In another report from The Washington Post, it was revealed that the FTC was looking into YouTube’s data collection practices and failure to protect children from online predators, the result of several complaints made months ago by consumer groups, privacy advocates and political pressure from Capitol Hill. The FTC has refused to give comments to the press on its ongoing case.

Almost a year since #YouTubeWakeUp — an exposé which forced advertisers working with Disney, McDonald’s, Nestle, as well as Fortnite-developers Epic Games to withhold marketing funds after the discovery of soft-core child pornography being pushed through the algorithms — this whole big tech racket is finally coming into question from public oversight.

The platform, however, has been scrambling to reform itself from behind closed doors. After numerous scandals related to Google’s child data collection and sales, privacy breaches, questionable censorship, community harassment, surveillance, falsehoods, and potential radicalization, it was only a matter of time before people demanded true accountability.

YouTube’s version of accountability — whether we liked it or not — was to both cover their tracks and replace them with a fraudulent content-overload. As the propaganda saying goes, “if you tell a big enough lie and tell it frequently enough, it will be believed.” According to Bloomberg journalist Mark Bergen, this strategy was to “convince regulators that it isn’t violating the law” by somehow avoiding the site’s natural behavior. As the people wrote in the YouTube subreddit, “they’re just pushing this shit hard on literally the whole platform to grab as many kids’ views as they can.” The trick just didn’t work.
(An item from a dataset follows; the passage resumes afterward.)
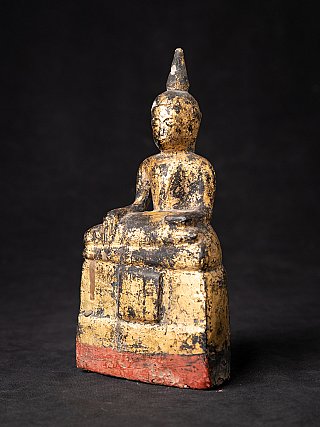 Antique wooden Thai Buddha statue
This isn’t to say YouTube and Google executives, including respective CEOs Susan Wojcicki and Sundar Pichai, are entirely wrong to adjust the platform’s flow of content, especially those with abuse. The platform is truly caught between a rock and a hard place: it is devoted to the almighty dollar while trying to mitigate the very scandals which provide such a lavish multi-billion-dollar income. While YouTube claims the site is not intended for children under the age of 13, Pew Research found its child network is the most profitable on the site. In addition, our publication found that Wojcicki admitted that her own underage children use the platform and discussed how they play into her oversight judgment.

“As the CEO of YouTube, I’ve seen how our open platform has been a force for creativity, learning and access to information,” Wojcicki stated in a pay-walled interview for The Daily Telegraph. “I’ve seen how activists have used it to advocate for social change, mobilize protests, and document war crimes. I’ve seen how it serves as both an entertainment destination and a video library for the world. I’ve seen how it has expanded economic opportunity, allowing small businesses to market and sell their goods across borders. And I’ve seen how it has helped enlighten my children, giving them a bigger, broader understanding of our world and the billions who inhabit it.”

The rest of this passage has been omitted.